:: The data ::

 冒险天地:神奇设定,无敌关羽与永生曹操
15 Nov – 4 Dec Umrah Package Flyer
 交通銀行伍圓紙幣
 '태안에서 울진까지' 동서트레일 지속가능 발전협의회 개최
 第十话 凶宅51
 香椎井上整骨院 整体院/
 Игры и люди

...

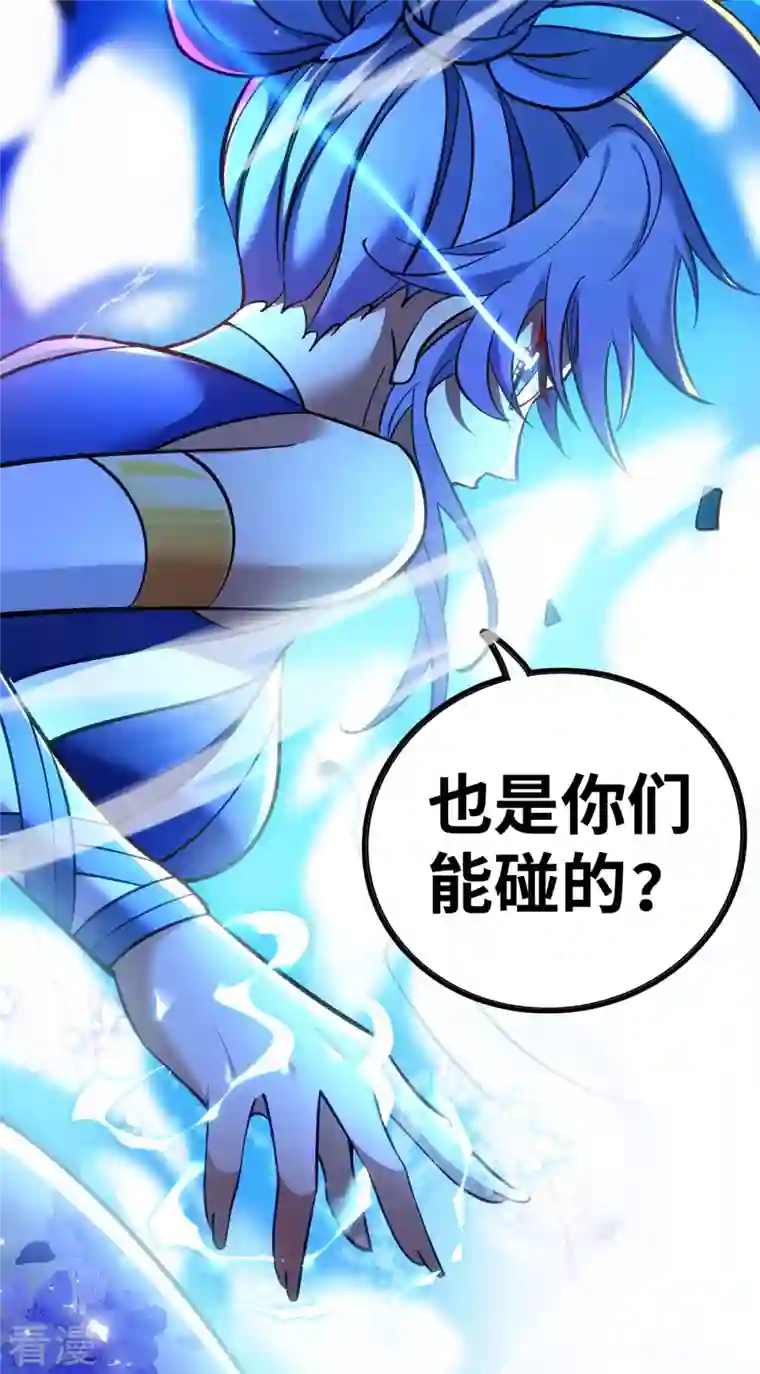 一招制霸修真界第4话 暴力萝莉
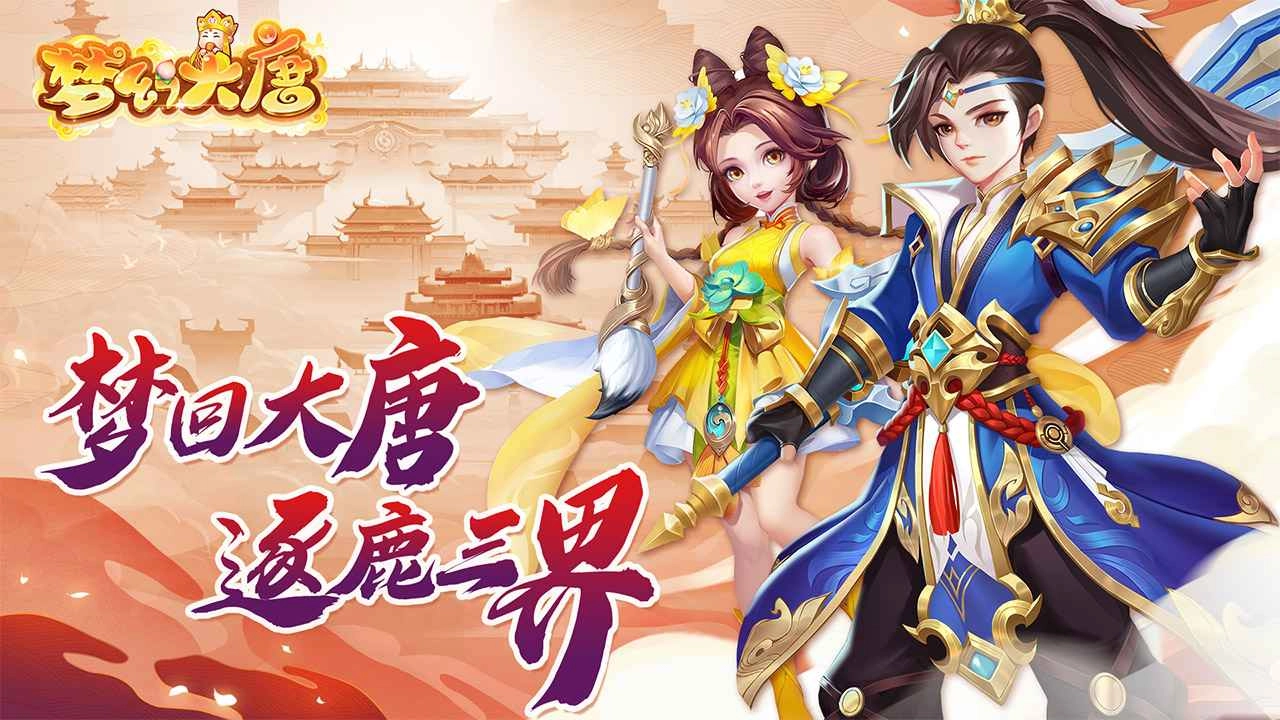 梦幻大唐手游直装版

:: What this task involves ::
An exact copy of the lines above, from the one containing "지속가능 발전협의회 개최" through the one containing "Игры и люди", is the whole of the answer.

:: Output of the exercise ::
 '태안에서 울진까지' 동서트레일 지속가능 발전협의회 개최
 第十话 凶宅51
 香椎井上整骨院 整体院/
 Игры и люди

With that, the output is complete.